Utah School Fined $15,000 for Accidentally Selling Soda During Lunch
Jonathon M. Seidl
A Utah high school is learning the hard way that the government is serious about nudging students away from food it doesn’t want them to consume. Davis High School in the Salt Lake City area is having to fork over a whopping $15,000 in fines to the Feds because it accidentally sold soda through a vending machine during lunch.
Federal law requires the school to turn off its soda machines during the lunch period, which is 47 minutes a day. And Davis High school did turn off the machines in the lunch room. However, the school didn‘t realize that there was another machine in the school bookstore that wasn’t being turned off. And when the food police realized it, the school was hit with a $0.75 fine per student for the duration of the offense.

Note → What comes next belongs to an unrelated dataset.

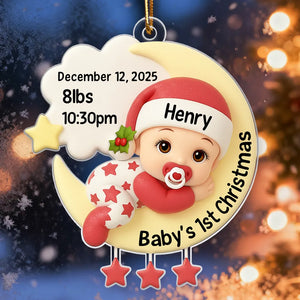 Baby's 1st Christmas On The Moon - Personalized Acrylic Ornament - Heartwarming Christmas Gift For Baby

Now the school is going to have to cut money to fine arts programs to make up the cost.
KTVX-TV has the report:
But here’s where things really get nutty, so to speak. Davis High School Principal Dee Burton said that the law is disingenuous. For example, while students can’t buy soda, they can buy sugar-loaded sports drinks and even Snickers bars because they contain, you guessed it, nuts. In addition, students can buy soda earlier in the day before the machines get turned off and drink it during lunch.
And simple economics is at play, too. The ban isn’t forcing students to stop drinking or eating the sugar-laced food and drink. It’s just driving them to places where they can get it.
“The misconception is if we don’t let kids buy candy and pop, we drive them to the cafeteria, it doesn’t drive them to the cafeteria it drives them off campus,” Burton told KUTV.
One commenter on the KUTV website picked up on that.
“The principal is right, the kids will leave campus. What are you going to do? Close Walmart and Quick Trip for 47 minutes every day?” the commenter wrote.